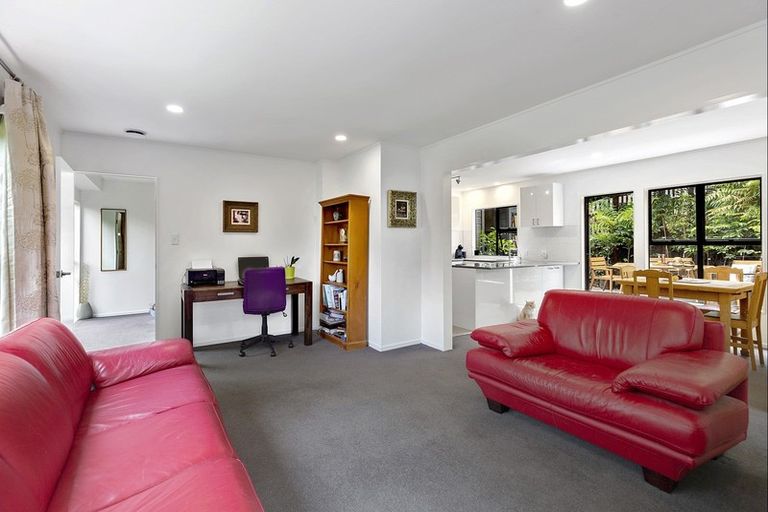 Photo of property in 10 Kimberley Way, Khandallah, Wellington, 6035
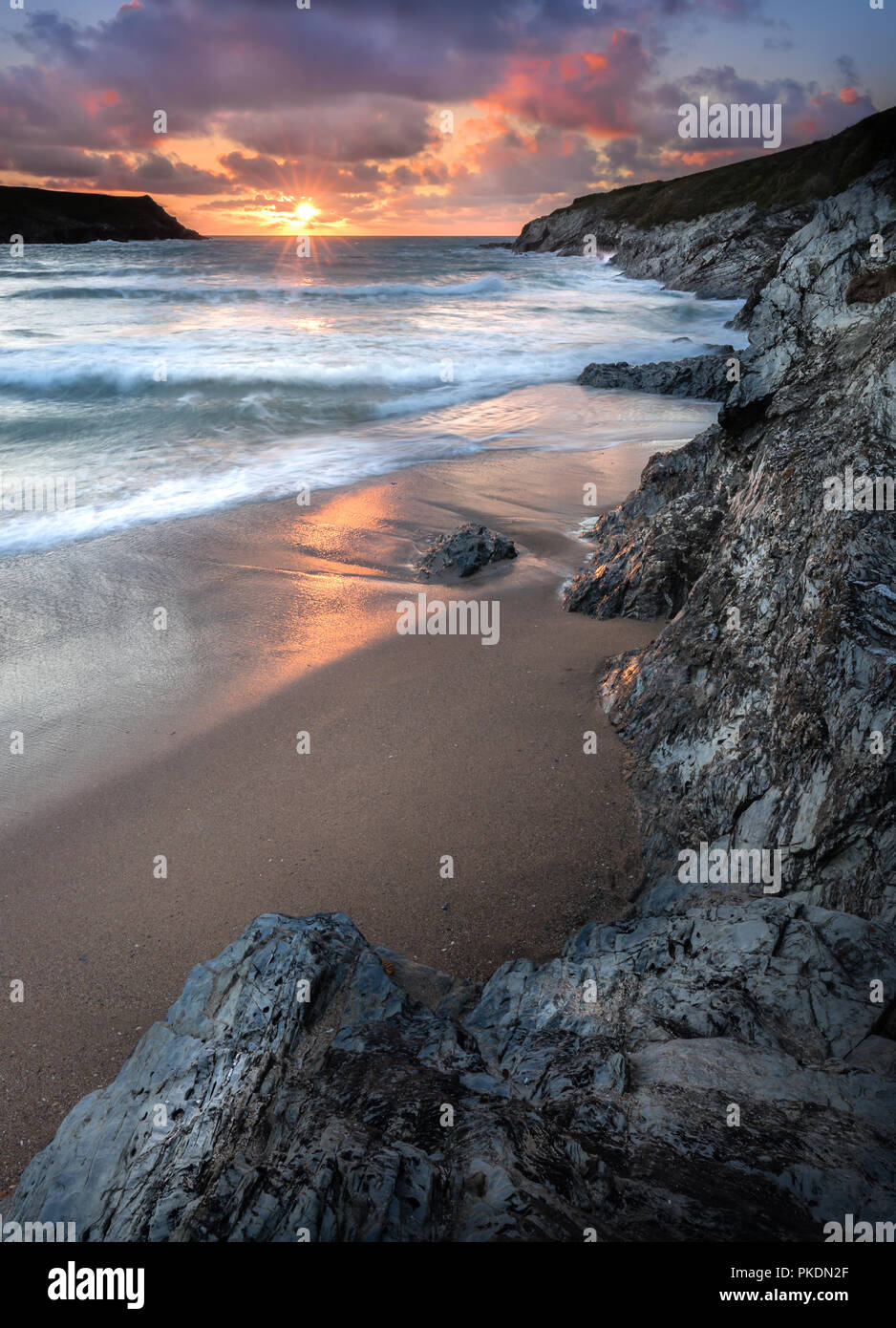 Le coucher du soleil, Plage de Porth Joke, West Pentire, Cornwall Banque D'Images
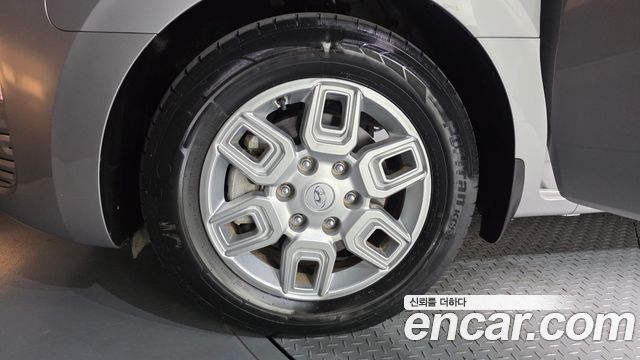 Hyundai Staria 2022 — photo 5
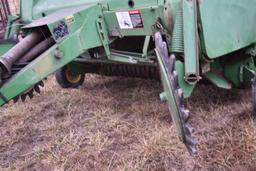 John Deere 535 Baler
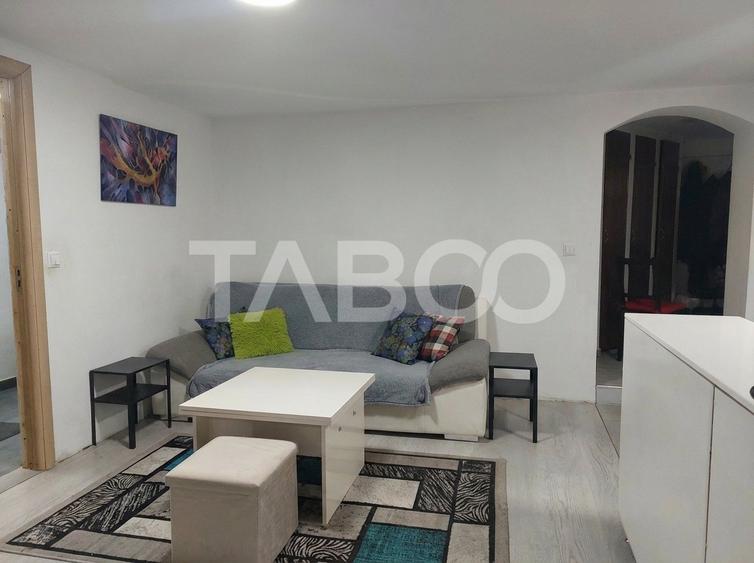 Apartament renovat complet 47 mp 3 camere str Tesatorilor Cisnadie - 3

......

Set down a word-for-word copy of the records, dropping any picture.

• [Answer for the task]
 Photo of property in 10 Kimberley Way, Khandallah, Wellington, 6035
 Le coucher du soleil, Plage de Porth Joke, West Pentire, Cornwall Banque D'Images
 Hyundai Staria 2022 — photo 5
 John Deere 535 Baler
 Apartament renovat complet 47 mp 3 camere str Tesatorilor Cisnadie - 3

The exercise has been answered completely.